Posted by Dave Lister | February 1, 2005 7:58 AM
I agree with Mr Lister a lot of these things are either bonds (which must be paid or there goes the credit rating) or Pension (will be paid as long as there is one cent available.) This means that by default, the schools go to the bottom of the list.
Funny how CoP (Randy's statement that there is no problem at all with Police/Fire Disability especially) thinks they can keeep shoving this past us. Oops, sorry, I cribbed those lines from Lars!!!
Anymore, the only solution seems to give these people less taxes to spend since we can't trust them to manage money. I mean, the latest thing is these poor people have to cut 3M out of a $1.7billon budget and this is painful? What a bunch of clowns.
Posted by Steve | February 1, 2005 8:06 AM
The FPD&R which clearly is a far bigger pork barrel than URAs is likely beyond any repair, long time ago they made it apparently untouchable as pointed out above. Be honest, Comm. Leonard is in no position to do anything about it.
URAs are big as indicated on your tax bill, but they simply cover old debts, there is nothing you can do about them now short of moving out.
URAs are needed, South Waterfront needs some public investment. So there will be another URA and another bond issued to be paid back in your future taxes. The questions is how big and what it will be used for. Randy and the company decide that. I guess some think a) the city was too generous to developers before and b) we are already overextended and should show some restrain. Any chance here, Randy?
Posted by wg | February 1, 2005 12:27 PM
Try this one on for size.
There are over 3000 properties with tax abatements in the city of Portland. The abatements involve a frozen assessed value at either raw land or other pre-developed levels.

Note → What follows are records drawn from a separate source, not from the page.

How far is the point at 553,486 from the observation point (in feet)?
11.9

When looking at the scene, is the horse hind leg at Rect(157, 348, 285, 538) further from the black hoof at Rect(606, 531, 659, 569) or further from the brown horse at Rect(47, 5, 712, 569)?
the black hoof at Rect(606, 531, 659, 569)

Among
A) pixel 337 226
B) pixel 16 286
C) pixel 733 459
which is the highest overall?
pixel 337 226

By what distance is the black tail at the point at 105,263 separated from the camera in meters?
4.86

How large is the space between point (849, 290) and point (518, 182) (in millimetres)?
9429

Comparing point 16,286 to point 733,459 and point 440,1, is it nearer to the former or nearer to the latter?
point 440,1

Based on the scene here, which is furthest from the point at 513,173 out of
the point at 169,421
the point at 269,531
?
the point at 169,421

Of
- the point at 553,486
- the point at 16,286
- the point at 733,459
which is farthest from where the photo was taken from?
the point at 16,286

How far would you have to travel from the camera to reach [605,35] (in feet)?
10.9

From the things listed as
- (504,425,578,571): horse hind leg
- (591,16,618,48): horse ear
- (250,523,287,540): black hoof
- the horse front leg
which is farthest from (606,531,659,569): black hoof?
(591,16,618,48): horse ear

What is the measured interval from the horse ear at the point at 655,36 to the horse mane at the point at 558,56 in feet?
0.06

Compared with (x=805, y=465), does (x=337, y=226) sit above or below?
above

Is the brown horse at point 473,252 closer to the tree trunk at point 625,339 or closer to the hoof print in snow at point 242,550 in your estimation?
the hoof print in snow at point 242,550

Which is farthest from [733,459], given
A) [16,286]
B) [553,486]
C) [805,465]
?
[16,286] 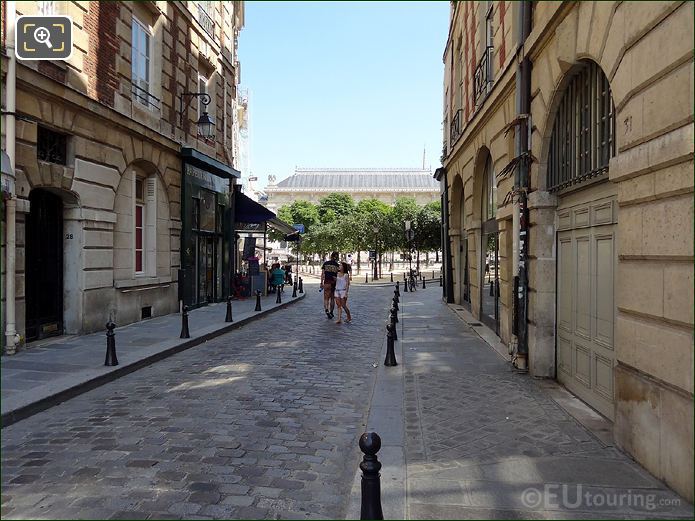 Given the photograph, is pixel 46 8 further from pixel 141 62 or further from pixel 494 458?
pixel 494 458

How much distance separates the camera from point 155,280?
14.3 meters

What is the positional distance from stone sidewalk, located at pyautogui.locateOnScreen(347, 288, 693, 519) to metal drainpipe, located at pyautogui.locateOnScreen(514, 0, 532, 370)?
0.54 metres

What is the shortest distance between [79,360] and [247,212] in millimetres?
13585

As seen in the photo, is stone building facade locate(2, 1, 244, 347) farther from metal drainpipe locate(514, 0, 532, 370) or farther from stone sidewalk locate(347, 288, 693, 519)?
Result: metal drainpipe locate(514, 0, 532, 370)

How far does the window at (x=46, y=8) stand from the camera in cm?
980

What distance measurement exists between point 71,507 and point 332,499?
191cm

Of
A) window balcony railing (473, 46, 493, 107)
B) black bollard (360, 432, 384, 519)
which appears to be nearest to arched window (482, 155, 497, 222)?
window balcony railing (473, 46, 493, 107)

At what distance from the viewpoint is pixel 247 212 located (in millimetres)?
21922

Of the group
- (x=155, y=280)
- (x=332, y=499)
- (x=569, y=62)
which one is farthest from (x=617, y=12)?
(x=155, y=280)

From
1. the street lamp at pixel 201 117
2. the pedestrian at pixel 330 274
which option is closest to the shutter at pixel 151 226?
the street lamp at pixel 201 117

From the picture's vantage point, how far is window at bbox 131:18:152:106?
13.6 meters

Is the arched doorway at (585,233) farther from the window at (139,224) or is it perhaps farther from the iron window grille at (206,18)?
the iron window grille at (206,18)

This is how you get a luxury $800,000 condo paying $300 in property taxes.
What happens when a local option levy passes?
Is the new tax levied on the frozen assessed value for these property owners?
Meaning the levy is being voted on by folks who will not be paying their fair share because of their tax abatement?
Posted by steve schopp | February 1, 2005 1:07 PM
wg - I disagree about Mr Leonard's ability to impact the Police/Fire Disability fund based on:
1) He helped set it up
2) He was on the board of directors and may still be (another issue about beneficiaries being allowed to make the rules and oversee the fund)
3) He receives pension checks after making a min personal contribution and the rest is made up thru our taxes
4) He has taken every chance he gets to tell everyone to leave the fund alone because there are no problems with it even though it eats up 10% of my prop tax bill
5) He is on the City Council which just voted to "look" at the fund (I hope more effectively than the State did with PERS.)
I have nothing against these funds, but when they are set up they do the benefits and have no clue on how to pay for them. Now we have a situation where they become top dollar obligations and the schools end up paying for it.
Posted by Steve | February 1, 2005 3:33 PM
Precisely. Let's be realistic. The best taxpayers can hope for is him disqualifying himself because of obvious conflict of interest issues. Same with Potter. I think highly of both of them, but not THAT highly.